Flipping the bird, flicking someone off, giving the finger -- we’re all guilty of throwing our middle fingers in the air at one point or another. Whether it’s all in good fun with some funny friends or a reaction to some moron on the highway who cut you off, it’s the universal sign for, “Screw you!” (or, you know, the more expletive response).
The gesture is a bit indecent, tasteless and inappropriate in most settings, but there has to be a reason why. It’s just a finger like any other! Some people even use their middle finger instead of their index to simply point -- but it always looks weird, right? The bird finger is supposed to be exclusively rude; it’s meant to insult.
Flipping a middle finger -- with your thumb tucked, as opposed to sticking out, which has become the more popular iteration -- goes back to the ancient Greeks (like, 400 B.C. ancient), who thought the gesture looked phallic, and thus offensive.
“It is saying, ‘this is a phallus’ that you're offering to people, which is a very primeval display,” anthropologist Desmond Morris told the BBC. In Aristphanes’ “The Clouds,” Socrates himself was given the finger!
It was basically dudes having a pissing contest. Is anyone shocked that men’s egos have been huge since the beginning of time?
The Romans, too, used the gesture and called it “digitus impudicus,” the “indecent finger.”
In its earliest representations, then, flipping the middle finger was supposed to be vulgar and lewd, which was the best way to insult someone in the earliest days of the world. The gesture fell out of favor during the Middle Ages, because Christianity was so taken aback by the idea, but it made its way to America eventually. Now, it’s not supposed to be obscene anymore, per se, just a little disrespectful.
For example, the first documented case of someone being flicked off in the United States was 1886, when Charles “Old Hoss” Radbourn of the Boston Beaneaters (the team that went on to become the Boston and now Atlanta Braves) held up a middle finger in a photograph with the New York Giants. Radbourn wasn’t being crude, he was just being a douche.

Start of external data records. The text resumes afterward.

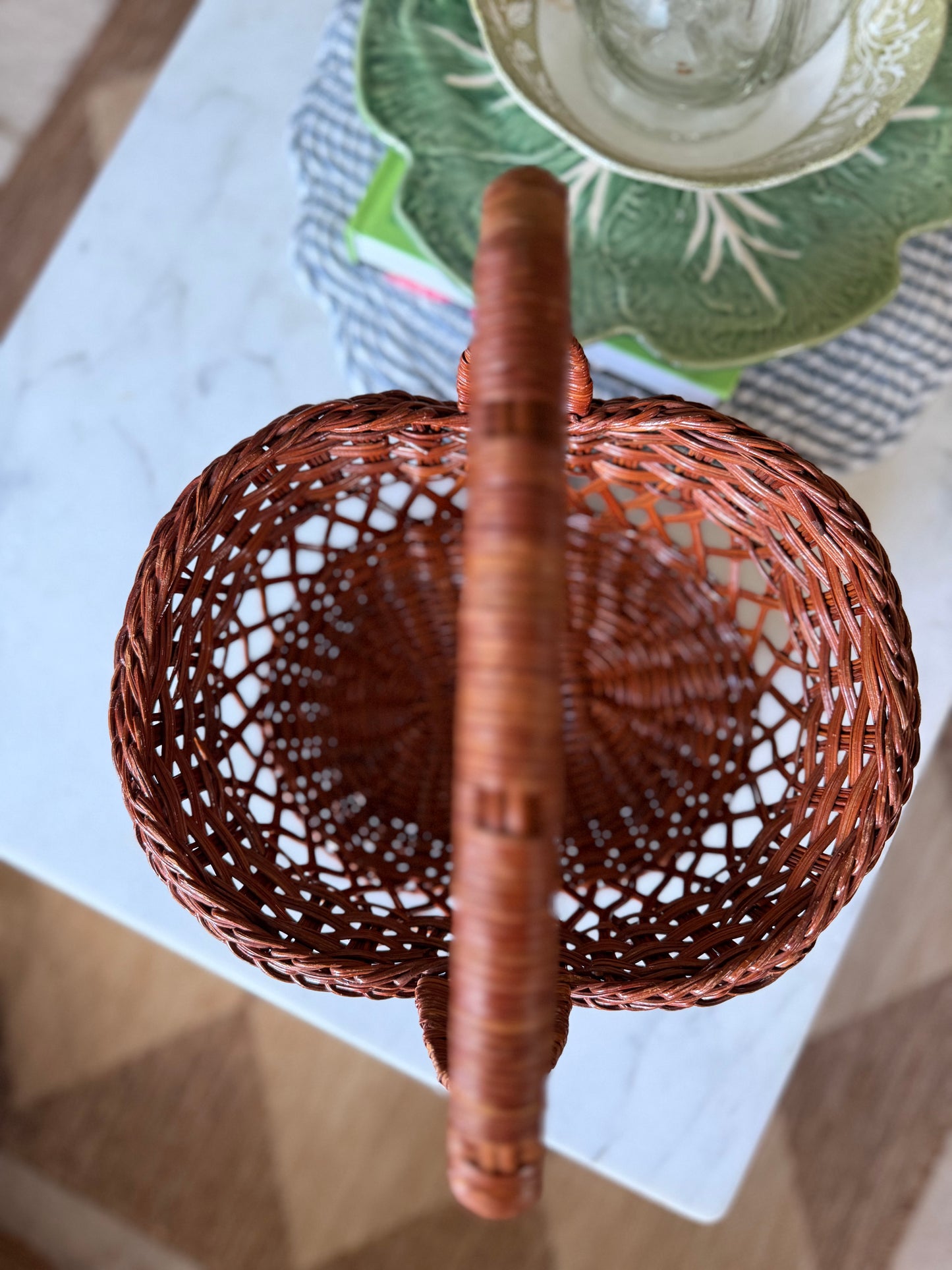 Medium Dark Brown Wicker Basket with Handle (flowers not included)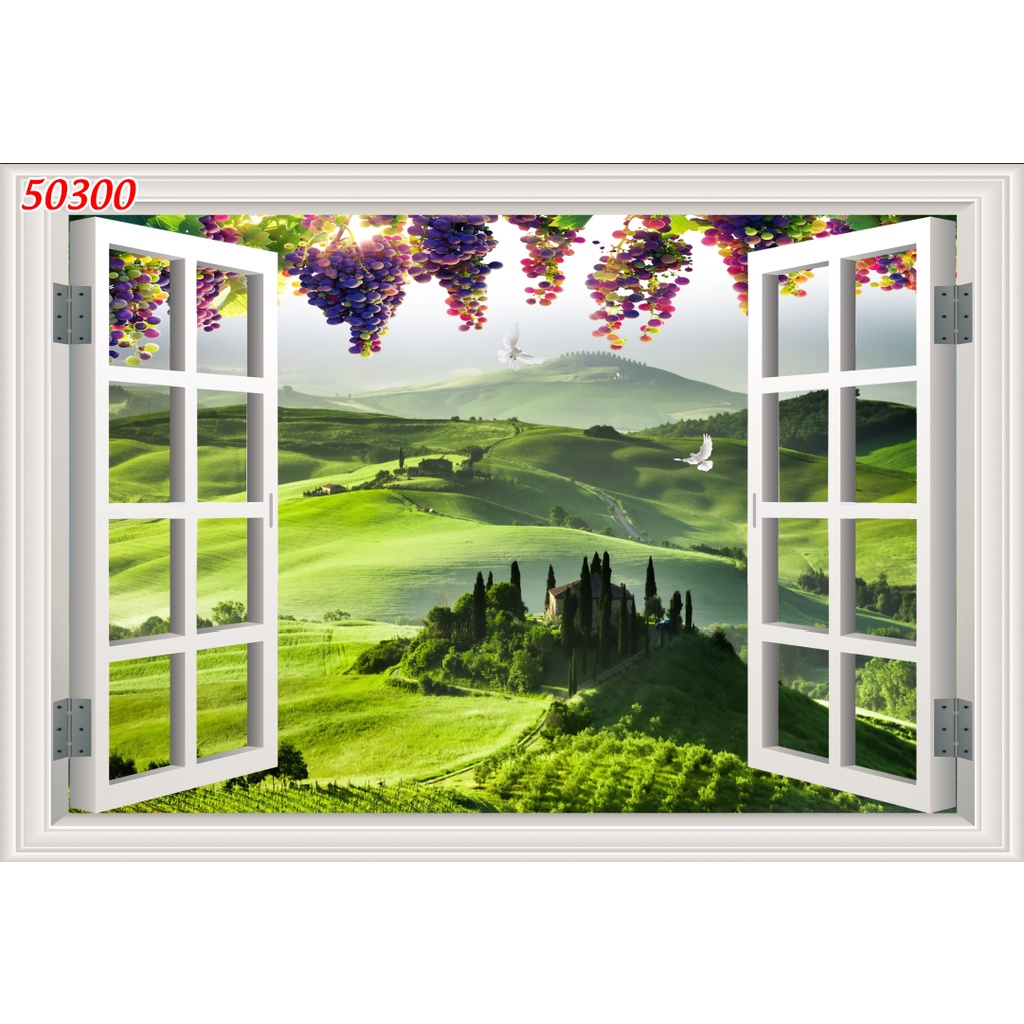 Tranh dán tường cửa sổ phong cảnh mát mẻ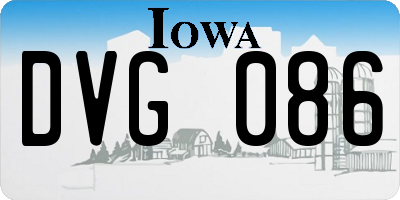 IA license plate DVG086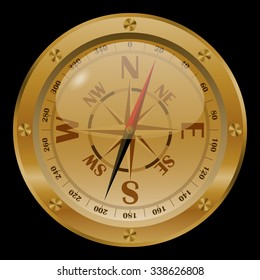 Golden compass on black background.

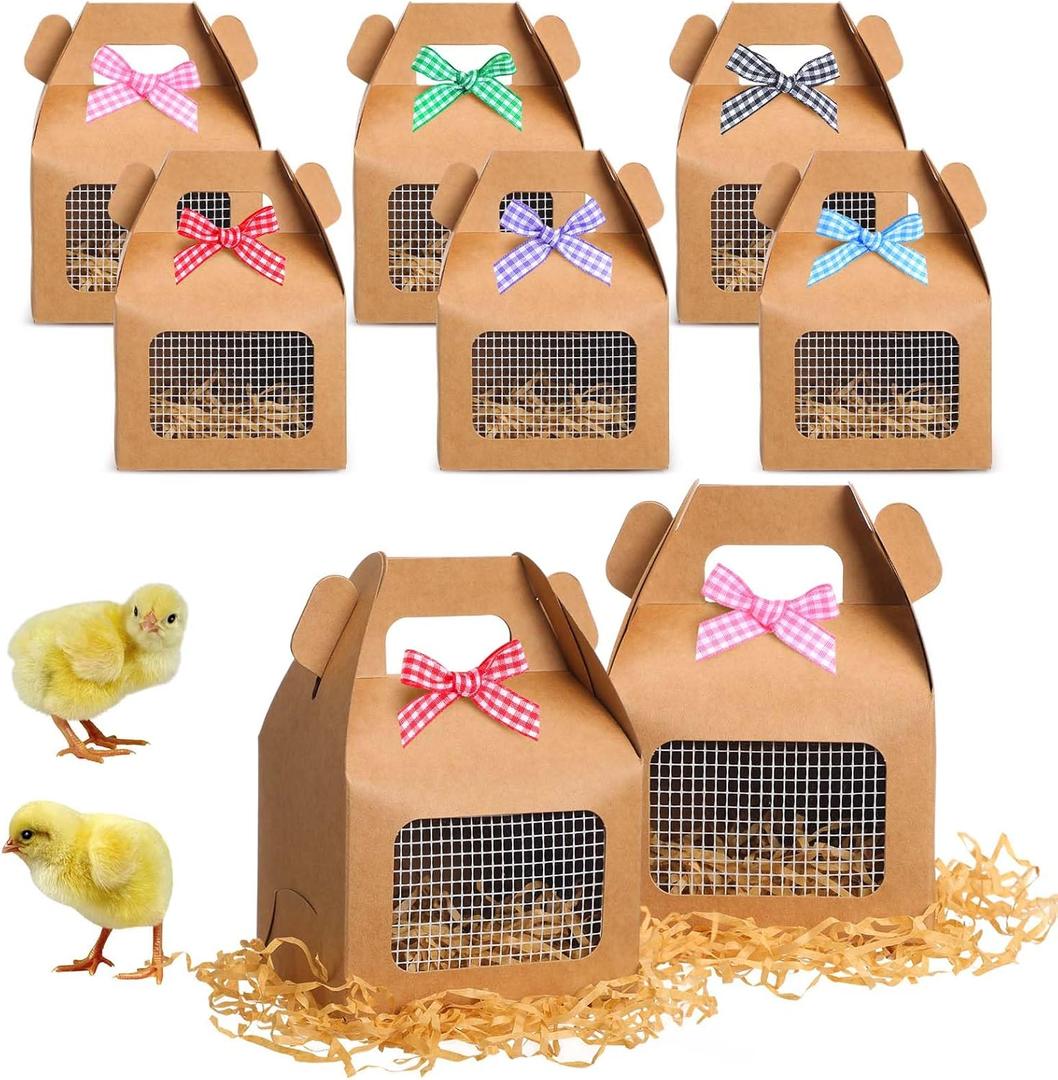 Maitys 12 Pcs Easter Chicken Party Favor Boxes Easter Foldable Chicken Box with Raffia Grass Bowknot Paper Straw Farm Animal Gift Treat Goodie Boxes Decor for Adopt Chick Party Birthday (Classic Style)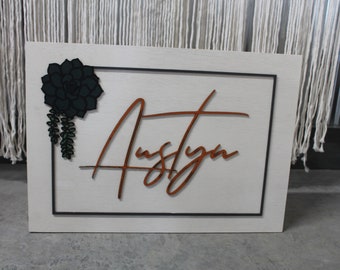 Custom Baby Name Wedding Last name Succulent Color Raised 3D Elevated Letters Sign  Image Raised Letters 3D  Handmade Wooden Signage Wood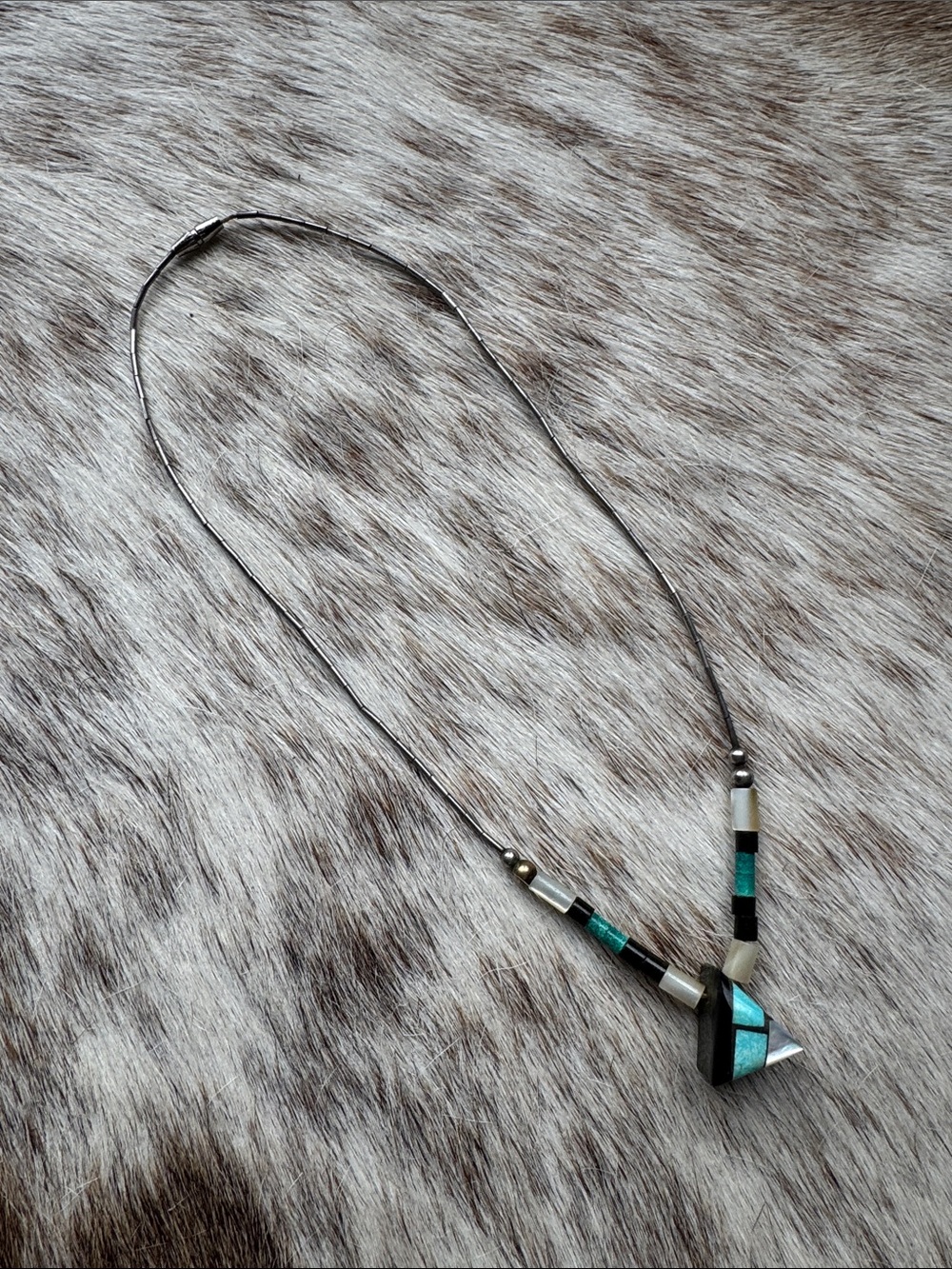 Handcrafted Turquoise Inlay Pendant Necklace - Women Jewelry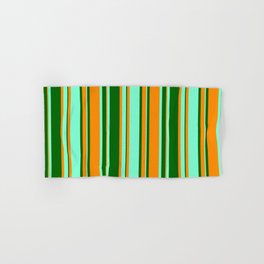 [ Thumbnail: Dark Orange, Dark Green, and Aquamarine Colored Stripes Pattern Hand & Bath Towel ]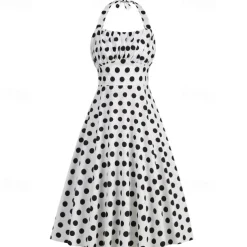 Elegant Classical 1950s Dress Polka Dot A-Line Fancy Dress Women's Valentine's Day Event / Party Date Tea Party Adults' Dress Spring & Summer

I have to say, I’m not not proud that one of the middle finger’s first uses in the U.S. was by Bostonians toward a New York sports team.
But in Shakespeare’s time, biting your thumb was even worse than a middle finger. Remember, that’s how a bunch of fighting started in “Romeo and Juliet”?
Honestly, if we were to suddenly decide that lifting a knee up was offensive, then it would be offensive. Everything's subjective, but this specific gesture definitely has some crass history. Use sparingly!